そんな日に、改めて平和の尊さや、暴力のない世界に向けて考える時間をつくってみるのはどうだろうか。今回は、編集部から平和について考え直すのにおすすめしたい映画や本を紹介したい。

平和について考え直す映画と本

第2次世界大戦中の“何気ない日常”を描く映画『この世界の片隅に』

『この世界の片隅に』は、こうの史代の同名コミックを原作とした2016年公開のアニメーション映画だ。第2次世界大戦下の広島・呉で、大切なものを失いながらも前向きに生きようとするヒロイン・すずと、彼女を取り巻く人々の日常を生き生きと描いている。

戦争映画というと、絶えず戦場のシーンが描かれるようなイメージを持つ人もいるかもしれない。だが、こちらの映画で描かれるのは、あくまでも「何気ない日常」。そして、そんな「普通」の日々のなかに組み込まれた戦争であるように思う。戦争という重いテーマを扱いながらも、軽やかさが感じられ、だからこそ苦しくもなる。様々な感情が湧き上がってくる映画だ。

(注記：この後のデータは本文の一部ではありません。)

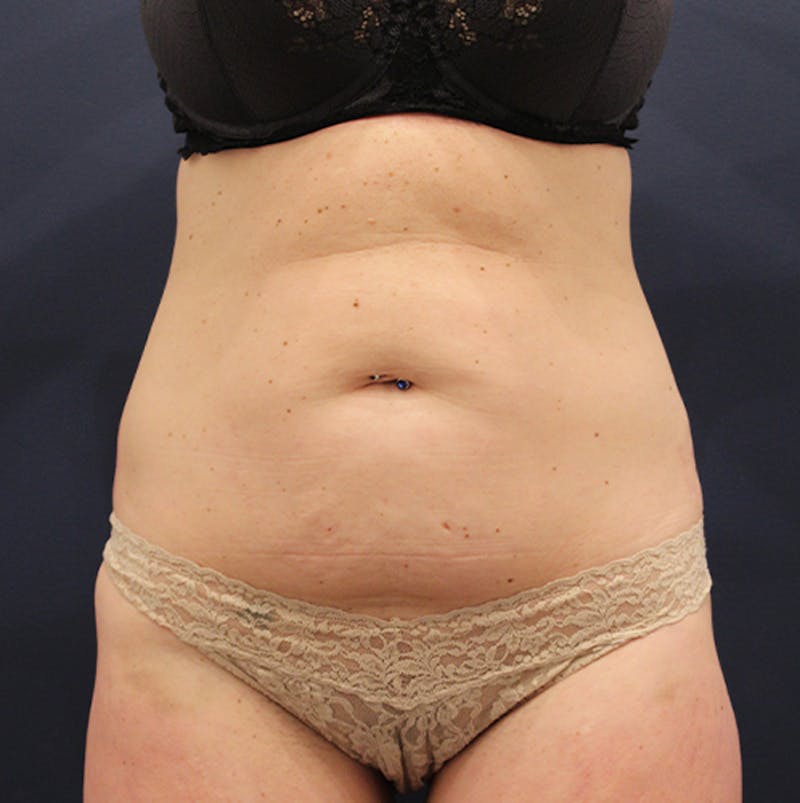 Tummy Tuck Before & After Gallery - Patient 174180852 - Image 1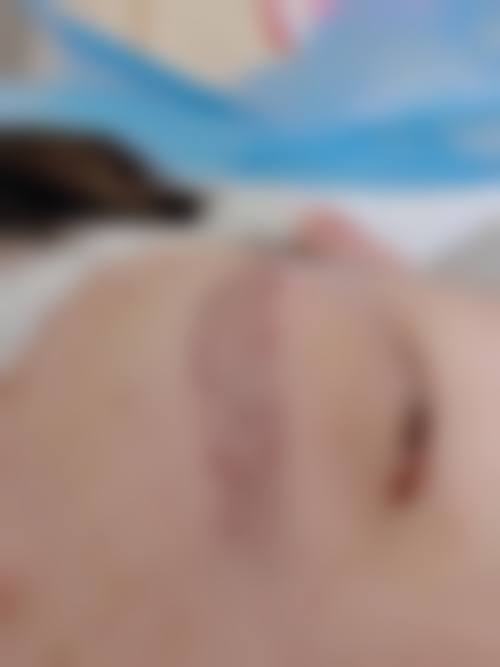 孔华斌医生项目优势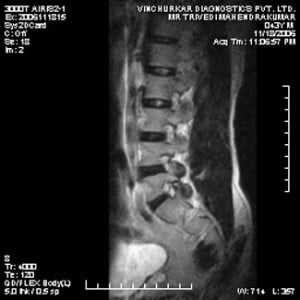 spine-mri-56-300x300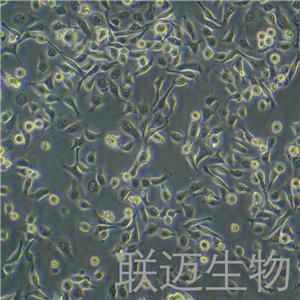 TE-1细胞（食管癌细胞STR鉴定正确）LM8C0231,TE-1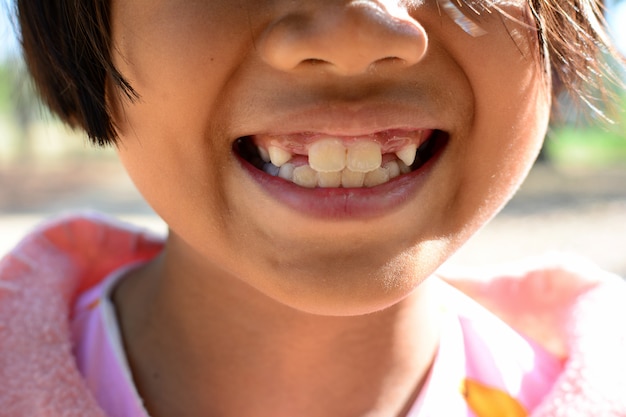 Criança, menina, mostrar, dente, cárie, quebrada, dente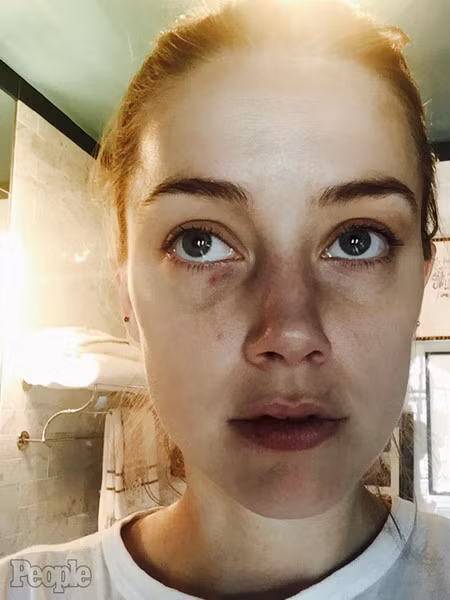 amber heard tung thêm ảnh bằng chứng tố johnny depp bạo hành hình 3 amber heard tung them anh bang chung to johnny depp bao hanh hinh 3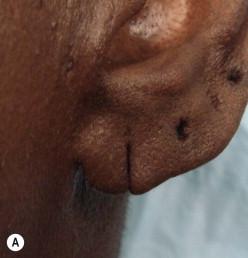 FIGURE 48.2, (A,B) Completely split earlobe.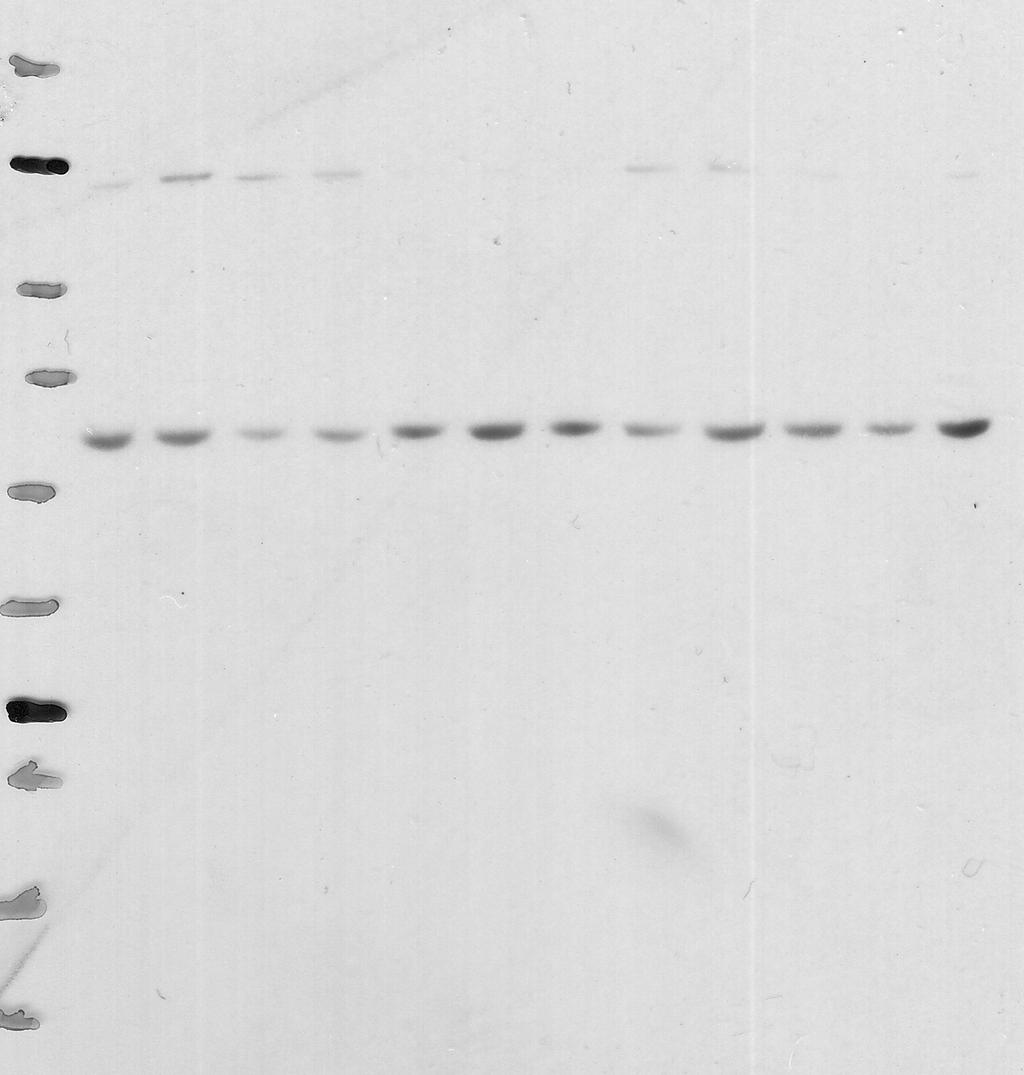 Western blots from NuPage 4-12% SDS-PAGE gels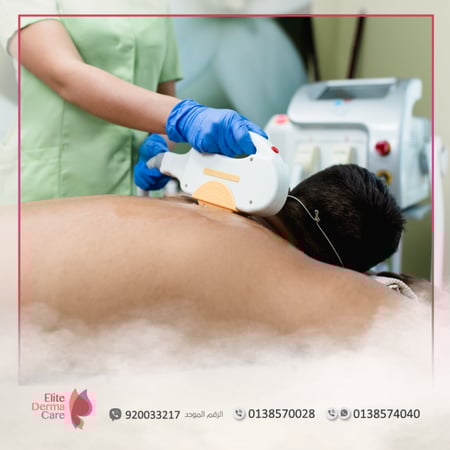 ليزر الظهر كاملة -  متجر عيادات الدكتورة ليلى العنيزي الطبي - الخبر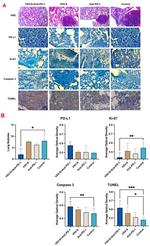 PD-L1 Antibody in Immunohistochemistry (Paraffin) (IHC (P))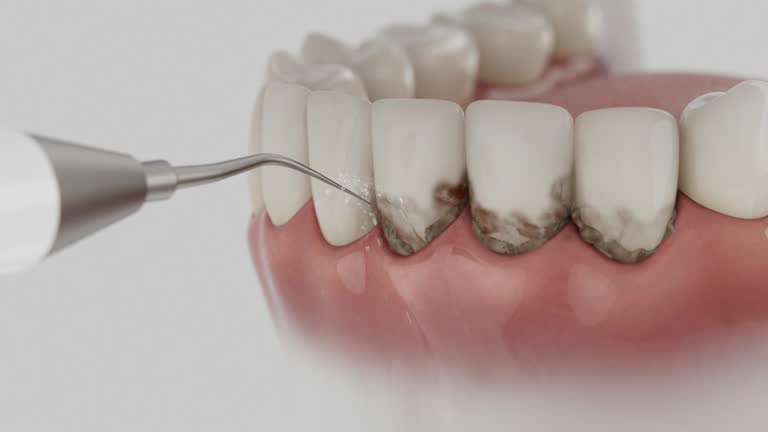 Trusted Emergency Dentist service in Brookmont, MD - Dentist Open Now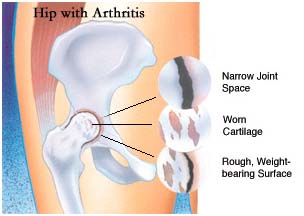 hip with arthritis diagram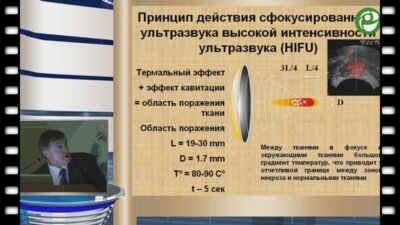 Уренков С.Б. - HIFU-терапия рака предстательной железы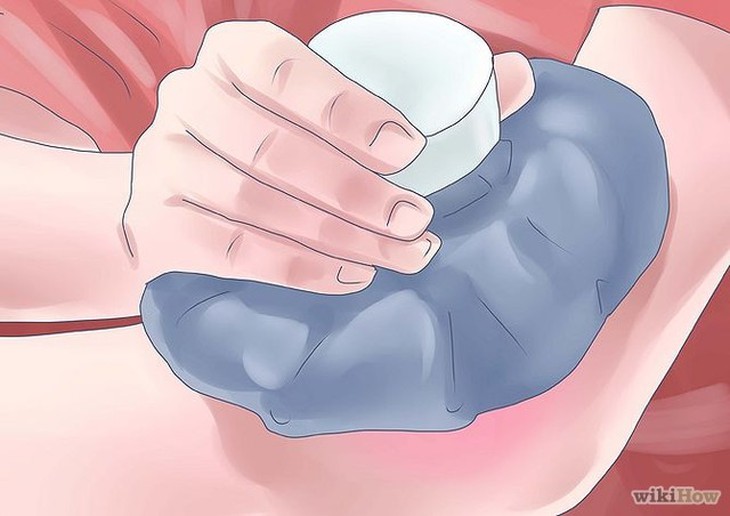 Mẹo trị mề đay- đắp gạc lạnh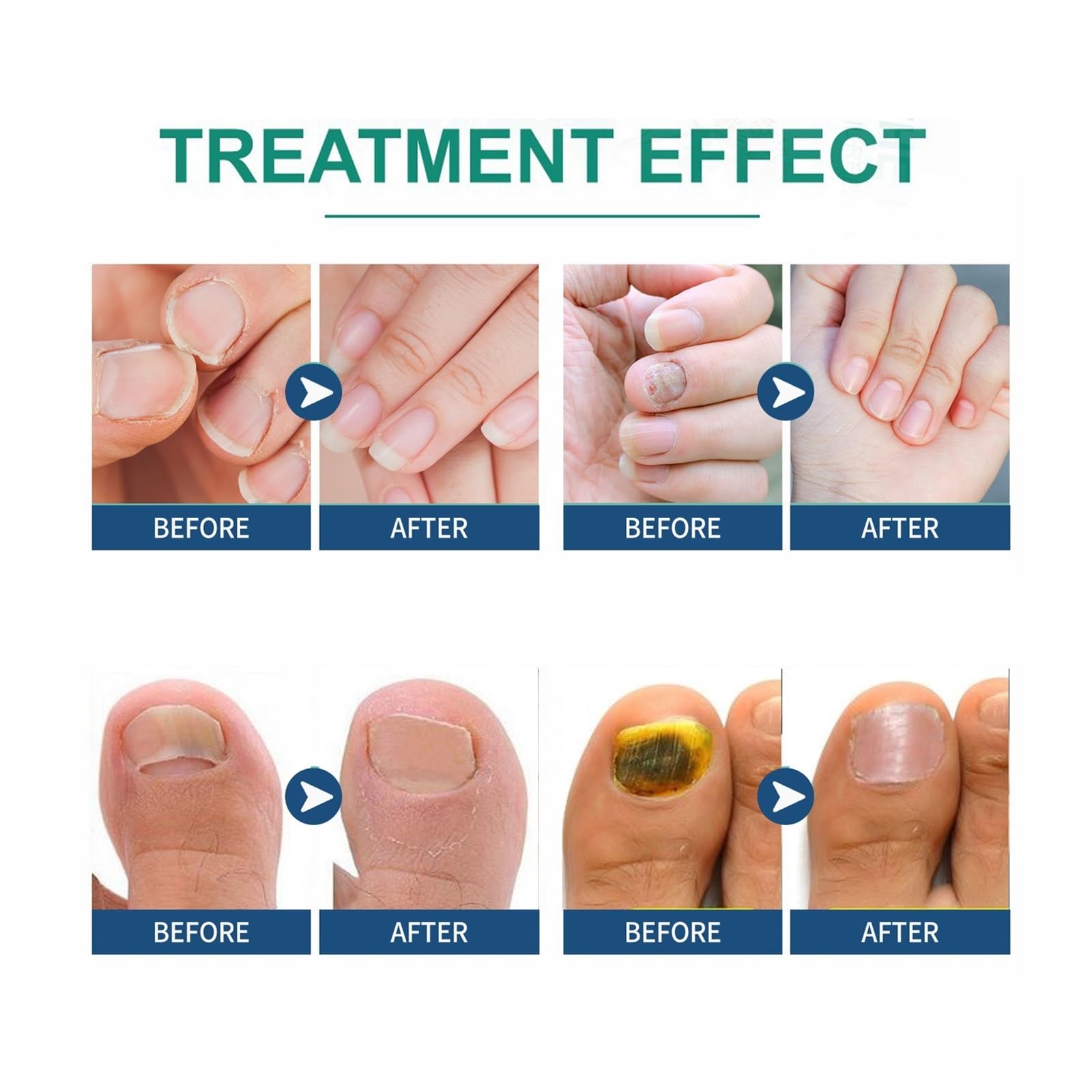 64 Pcs Nail Repair Patches - Damaged Nail Treatment for Cracked & Discolored Nails (Cream) | Strengthen & Beautify Nails for Salon-Quality Results at Home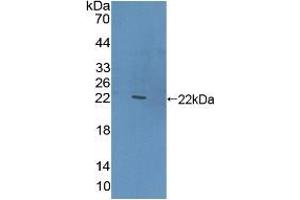 Western blot analysis of recombinant Human CLEC10A. (CLEC10A Antikörper  (AA 71-239))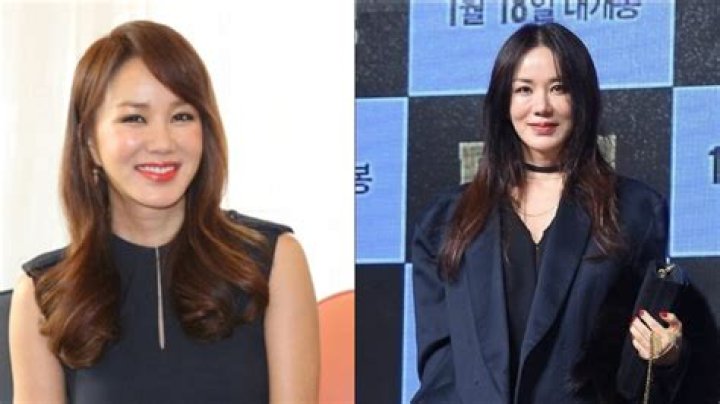 Uhm Jung-hwa’s Plastic Surgery: Did She Get Botox to Look Young?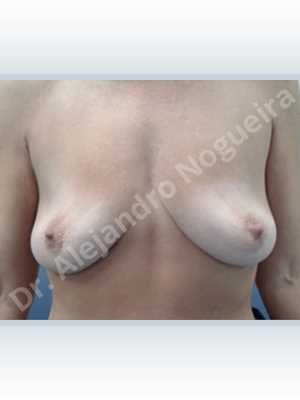 Asymmetric breasts,Cross eyed breasts,Empty breasts,Lateral breasts,Moderately saggy droopy breasts,Pendulous breasts,Pigeon chest,Skinny breasts,Small breasts,Too far apart wide cleavage breasts,Wide breasts,Anatomical shape,Extra large size,Lower hemi periareolar incision,Subfascial pocket plane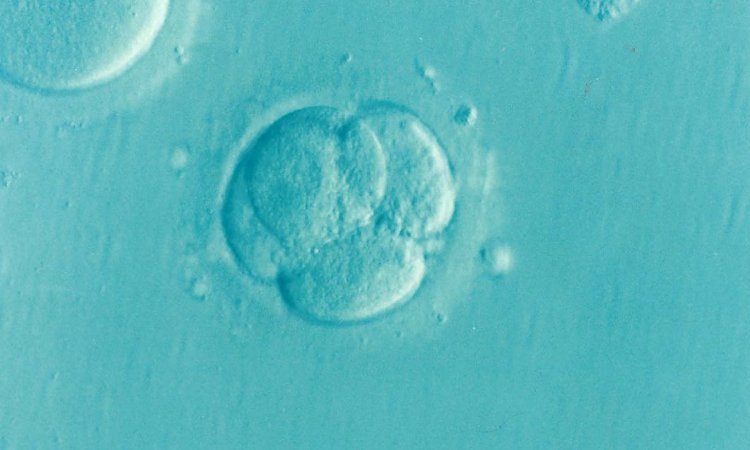 IVF: Why a single embryo sometimes leads to twins or triplets ...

自由を求める人々の叫びを映すドキュメンタリー映画『ガザ 自由への闘い』

  • 公開: 2019年
  • 公式サイト:Gaza Fights For Freedom
  • ※ 映像には過激な戦闘シーンが含まれるため、18歳以下の視聴に制限が設けられています

イスラエル軍に包囲され抑圧される中東パレスチナ・ガザ地区の現実、そして2018年から1年以上にわたりパレスチナの人々が行った平和的なデモ「帰還の大行進」の様子を映した2019年のドキュメンタリー映画。イスラエルによるパレスチナ占領の歴史を紐解きながら、現地の映像やインタビューを通して、自由を求めるパレスチナの人々の叫が伝えられる。

鳥は自由にフェンスを超えていく
彼らはどこまでも飛んでいく
僕が占領を嫌う本当の理由が分かった
自然の法則に反するからだ
飛ぶことを禁じられているからだ
(アーメド・アブ・アルテマ帰還の大行進 主催者)

2023年10月にイスラエルとハマスの衝突が勃発してから1年が経とうとする今、ガザやパレスチナの人々は映画の描写をさらに上回る悲惨な状況に置かれているだろう。今この瞬間も、人間としての当たり前の権利を訴え続ける人々がいる。私たちが決して目を背けてはいけない現実があることを、改めて思い出させてくれる映画だ。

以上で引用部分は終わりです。